How does Walmart’s Great Value manufacture so many products?


How does Walmart’s Great Value manufacture so many products?

In: Economics

The label is applied to a broad range of products but, the products are not made by a single manufacturering company.

So as you guessed, it would be unlikely to be made by a single company.

Some manufacturers, specialize in a single product and fabric that product for a number of companies based on their specifications.

Major brands also produce for generic store labels like Great value. Sometimes you can see this in the packaging (like ketchup bottles).

Walmart pays manufacturers to create the product for them. They then slap on the Great Value label and you buy it at the “generic” price because Walmart doesn’t put all the marketing and advertising into the product that Kraft or Coke or any of the other name-brand manufacturers would do.

Companies often make products specifically for Walmart in the same factory where they make products under their own label. Often the products will be made more cheaply to increase profit margins.

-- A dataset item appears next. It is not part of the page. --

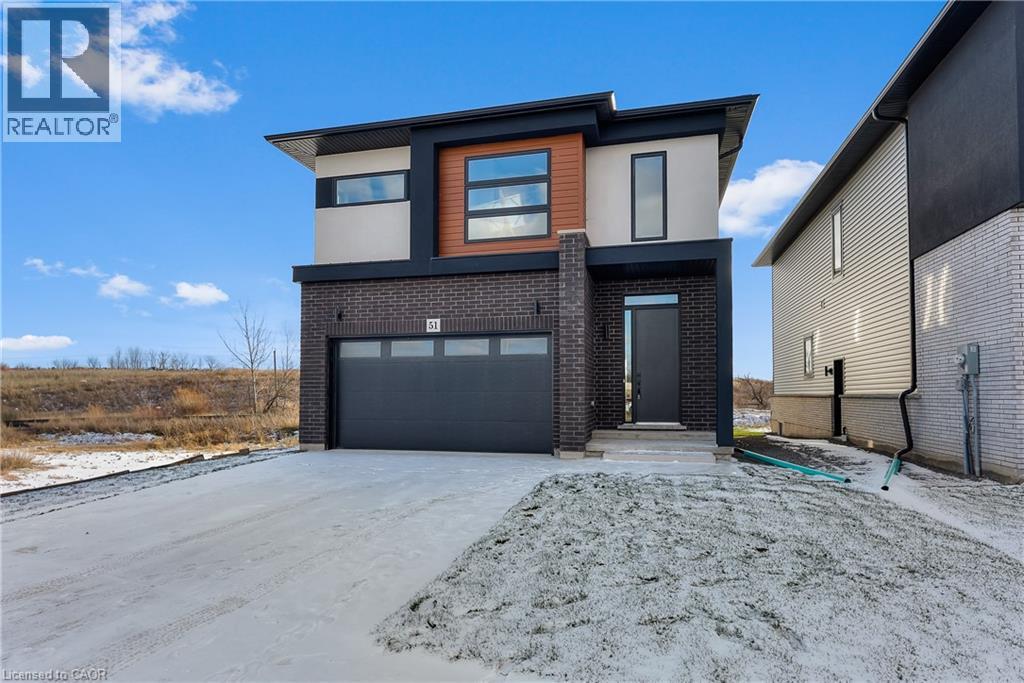 51 ALICIA Crescent, Thorold, Ontario, L3C7M5 — Photo 2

They don’t manufacture them, they contract with factories who make those products. So Wal-Mart finds a toilet paper factory and hires them to make toilet paper and wrap it in Great Value packaging… maybe Wal-Mart has developed their own specifications for that product, or maybe they go to a company and say they want a product they can sell for $X and have the product developed and/or produced. They also contract with a nut roasting facility to make and package nuts, and an orange grower co-op to squeeze and bottle orange juice.

There are some companies that specialize in white label goods — that is making products for various companies to sell under their own brand. They can adjust the products’ recipe or specification for each company. Also, brand name products might have extra capacity and might sell production capacity. So a line that runs 2 shifts a day of Ragu pasta sauce might run a shift of Great Value (changing the recipe) as well.